During CucCAP1 we developed the Cucurbit Genomics Database (CuGenDB), a critical resource for cucurbit genomics that is widely used by the community. However, the current CuGenDB (v1.0) suffers from one big drawback: it takes too long (weeks to even more than one month) to add a new genome in the database. To accommodate the needs for the increasing numbers of cucurbit genomes developed during the past couple of years and many more in the near future, we are re-implementing CuGenDB (CuGenDB v2.0) with the updated Tripal module (v3.0) that only takes a couple of days to add a new genome. We have collected a total of 43 cucurbit genomes published to date, of which 31 from 25 different species/subspecies are included in CuGenDB v2.0, with nine also included in CuGenDB v1.0. Of the 12 genomes not included in CuGenDB v2.0, five are either of low quality or lack of the annotation files, and seven are old versions (all these seven are included in the current CuGenDB). We expect to officially release CuGenDB v2.0 by the end of 2021.

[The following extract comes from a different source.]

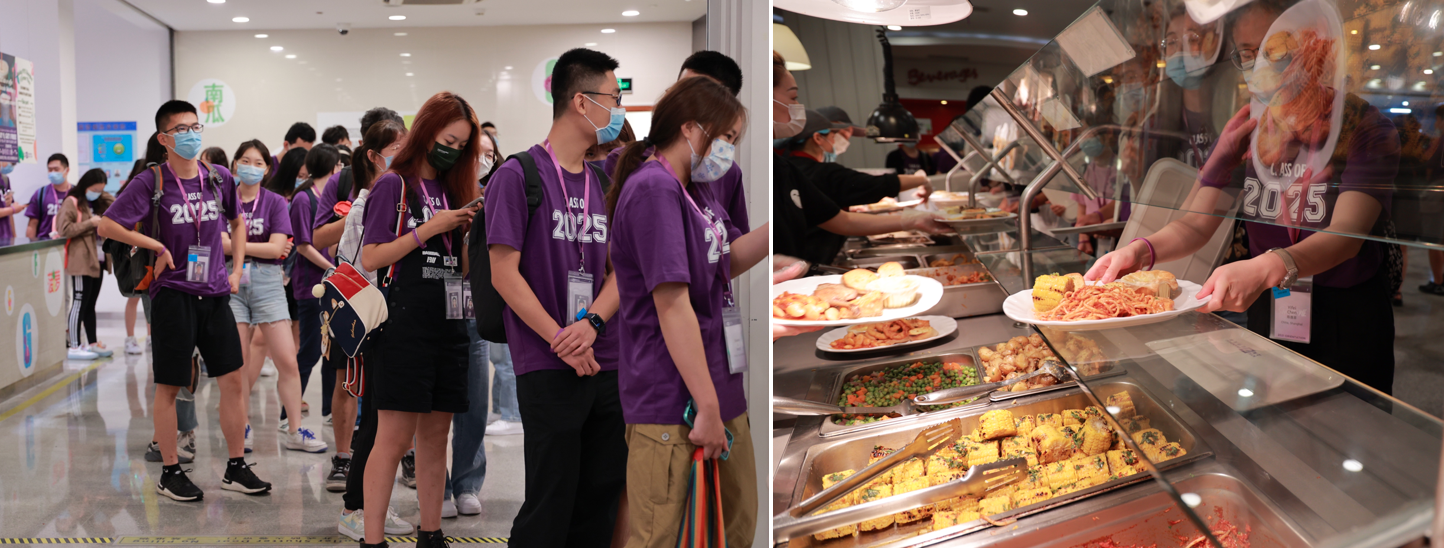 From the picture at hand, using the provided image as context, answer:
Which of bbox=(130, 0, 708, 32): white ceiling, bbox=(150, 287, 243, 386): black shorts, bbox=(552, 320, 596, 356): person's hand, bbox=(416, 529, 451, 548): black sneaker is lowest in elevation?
bbox=(416, 529, 451, 548): black sneaker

Phenotype data have been generated for melon and cucumber core collections. A total of 33 vegetative, flower and fruit characters and two disease resistance traits were evaluated for the melon core collection. For the cucumber core collection a combination of 15 external and internal characteristics are being collected for immature and mature fruit of plants grown in 2019 and 2021. Examples of the cucumber phenotypic data are shown in Figure 1. These phenotypic data are currently being used to develop visualization and analysis tools in CuGenDB v2.0. Developing a breeding information management module to integrate phenotypic and genotypic data will be the main focus of the CuGenDB v2.0 development in 2022.

1.2 Perform seed multiplication and sequencing analysis of core collections of the four species, provide community resources for genome wide association studies (GWAS).

1.2.1. Seed multiplication of core collections

For cucumber, five companies will help seed increases of the 399 lines in the core collection. Seeds have been shipped to three companies while seeds for the remaining two companies will be shipped within the next month.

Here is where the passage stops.